The Calorie Quandary: Not all Calories are the Same

The Calorie Quandary: Not all Calories are the Same

The calorie counting method

‘All calories are not made equally and that the quality of calories eaten is just as essential as the amount of calories consumed’.

It is a total misconception that all calories in foods that we eat are equal. Unfortunately, many individuals are following this poor advice when trying to lose weight and end up hitting a brick wall and failing in their weight loss quest. The trap that people fall into is that they think that consuming 150 calories of sweet sugary or complex carbs is the equivalent to eating the same calorie content in leafy green vegetables and beans.

This maybe a crude example of how people are still using the ‘calorie counting method’ to lose weight; but you will be very surprised how many people out there are still following this out dated method of using the calorie as a marker.

Can you work out this scenario?

Complex carbs are found in foods such as whole meal bread, wholemeal pasta, brown rice, oatmeal, and quinoa. Sugary simple calories are found in cookies, cakes, soft drinks, pastries, packaged cereals, white flour products and lots of refined processed junk foods. In addition, there is a healthy and a more natural source of simple carbs, which includes fruits and vegetables. Therefore, if you ate one serving of cake, pastry or white bread, would that be the same as eating one serving of brown rice or wholemeal bread in terms of the calorie content consumed? I will let you work the calorie content out from this scenario!

The rise in blood sugar

Following the consumption of carbs of any variety there is a rise in blood sugars and this increase activates the beta cells in the pancreas to secrete insulin. One of the main roles of insulin is to keep blood sugars within a stable range and it also drives glucose into the cells. An excessive or lack of insufficient carbs regardless of the calorie content causes peaks and dips in the blood glucose.

These repeated fluctuations over a lengthy period of time impact on the body’s ability to produce and use the insulin. This mechanism increases insulin resistance, thereby reducing your fat burning potential and increasing your fat storage.

The GI Index

When dealing with insulin, it is all about creating a stable blood sugar environment and the use of the Glycemic Index (GI) is a great strategy in controlling this powerful hormone. The use of the GI is a far more beneficial approach than that of calorie counting.

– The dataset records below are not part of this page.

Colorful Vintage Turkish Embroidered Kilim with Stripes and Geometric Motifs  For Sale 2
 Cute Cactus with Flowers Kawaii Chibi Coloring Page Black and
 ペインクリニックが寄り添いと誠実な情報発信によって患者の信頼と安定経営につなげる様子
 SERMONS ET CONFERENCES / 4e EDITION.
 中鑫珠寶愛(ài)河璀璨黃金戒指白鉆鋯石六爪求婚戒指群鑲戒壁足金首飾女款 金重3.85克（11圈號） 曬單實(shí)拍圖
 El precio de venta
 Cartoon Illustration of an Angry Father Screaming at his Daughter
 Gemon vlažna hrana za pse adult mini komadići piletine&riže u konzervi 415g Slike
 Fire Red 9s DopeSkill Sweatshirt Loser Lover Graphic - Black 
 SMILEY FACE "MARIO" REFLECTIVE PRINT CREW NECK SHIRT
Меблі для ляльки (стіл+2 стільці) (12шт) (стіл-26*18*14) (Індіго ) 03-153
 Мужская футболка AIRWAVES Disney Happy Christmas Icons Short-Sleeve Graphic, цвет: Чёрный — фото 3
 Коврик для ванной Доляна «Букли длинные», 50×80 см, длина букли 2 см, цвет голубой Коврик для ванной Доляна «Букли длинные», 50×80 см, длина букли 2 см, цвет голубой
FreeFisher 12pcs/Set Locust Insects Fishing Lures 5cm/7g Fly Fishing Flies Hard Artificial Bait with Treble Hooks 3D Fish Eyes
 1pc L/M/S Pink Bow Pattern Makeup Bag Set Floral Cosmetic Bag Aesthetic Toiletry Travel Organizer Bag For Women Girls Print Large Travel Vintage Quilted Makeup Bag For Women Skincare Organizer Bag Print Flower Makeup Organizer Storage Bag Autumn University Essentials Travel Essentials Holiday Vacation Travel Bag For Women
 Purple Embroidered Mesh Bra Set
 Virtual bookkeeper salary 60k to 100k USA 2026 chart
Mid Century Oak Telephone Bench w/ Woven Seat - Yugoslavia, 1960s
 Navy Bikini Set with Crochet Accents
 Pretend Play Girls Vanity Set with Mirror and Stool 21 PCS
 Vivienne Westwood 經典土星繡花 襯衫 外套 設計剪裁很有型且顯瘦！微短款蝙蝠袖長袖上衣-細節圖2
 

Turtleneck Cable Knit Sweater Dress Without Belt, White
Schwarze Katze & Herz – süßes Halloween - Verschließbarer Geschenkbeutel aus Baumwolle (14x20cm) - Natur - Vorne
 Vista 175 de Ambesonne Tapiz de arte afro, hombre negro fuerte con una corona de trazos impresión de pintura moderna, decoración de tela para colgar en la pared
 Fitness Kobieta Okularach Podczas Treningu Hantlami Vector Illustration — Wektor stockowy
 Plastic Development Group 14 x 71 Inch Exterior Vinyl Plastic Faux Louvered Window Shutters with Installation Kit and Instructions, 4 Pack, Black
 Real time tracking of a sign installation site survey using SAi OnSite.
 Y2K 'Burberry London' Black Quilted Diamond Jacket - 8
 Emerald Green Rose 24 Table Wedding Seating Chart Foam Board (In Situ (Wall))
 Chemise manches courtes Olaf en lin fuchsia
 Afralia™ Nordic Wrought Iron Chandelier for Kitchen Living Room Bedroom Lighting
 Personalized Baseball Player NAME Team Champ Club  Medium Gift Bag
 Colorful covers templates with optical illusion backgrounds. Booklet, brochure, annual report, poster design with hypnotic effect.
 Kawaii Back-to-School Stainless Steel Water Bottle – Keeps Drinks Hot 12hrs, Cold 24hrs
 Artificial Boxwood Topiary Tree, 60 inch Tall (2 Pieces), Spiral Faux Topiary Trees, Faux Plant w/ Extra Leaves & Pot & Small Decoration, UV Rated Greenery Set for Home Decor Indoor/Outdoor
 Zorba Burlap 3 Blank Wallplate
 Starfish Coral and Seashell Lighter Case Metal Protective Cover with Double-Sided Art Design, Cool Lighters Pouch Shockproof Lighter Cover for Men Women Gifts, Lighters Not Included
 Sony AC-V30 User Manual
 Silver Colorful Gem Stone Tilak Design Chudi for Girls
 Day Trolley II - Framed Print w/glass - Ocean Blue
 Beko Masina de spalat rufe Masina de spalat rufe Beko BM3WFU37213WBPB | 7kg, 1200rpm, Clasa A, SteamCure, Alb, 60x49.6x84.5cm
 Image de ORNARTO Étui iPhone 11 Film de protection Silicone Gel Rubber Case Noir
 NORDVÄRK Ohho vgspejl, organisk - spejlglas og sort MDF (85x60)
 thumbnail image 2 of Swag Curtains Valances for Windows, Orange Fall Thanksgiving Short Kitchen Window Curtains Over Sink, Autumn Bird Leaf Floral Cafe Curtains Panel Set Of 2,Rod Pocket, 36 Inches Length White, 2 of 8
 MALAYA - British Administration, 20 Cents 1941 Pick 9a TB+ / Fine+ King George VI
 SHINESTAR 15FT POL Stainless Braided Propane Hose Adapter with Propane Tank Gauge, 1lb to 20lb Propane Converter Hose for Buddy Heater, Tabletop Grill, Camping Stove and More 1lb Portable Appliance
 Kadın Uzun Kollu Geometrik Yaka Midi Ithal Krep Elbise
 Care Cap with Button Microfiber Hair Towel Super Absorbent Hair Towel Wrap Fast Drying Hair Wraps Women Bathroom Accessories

The term GI is used to determine how rapidly the foods are broken down in the body and the impact they have on blood sugar spikes. Use this GI calculator to determine the GI of many common foods.

Effect of High GI Foods

High GI foods cause the following to happen within the body:

  • Causes a huge spike in blood sugars and high levels of insulin are secreted to counteract this
  • The body tends to produce too much insulin and this reduces blood sugars drastically
  • This process heightens the feelings of hunger and causes you to eat more food and calorie intake.

Effect of Low GI foods

On the other hand, low GI foods are digested and absorbed more gradually, this is key to weight loss and it can have the following positive effects on the body:

  • Low GI foods cause a slower more rapid rise in blood sugars
  • They improve your ability to use glucose as a primary source of energy
  • They tend to have a lower calorie value than high GI foods
  • Enhances your feeling of fullness and you are less likely to snack and consume more unwanted calories
  • Improves your chances of weight loss and management.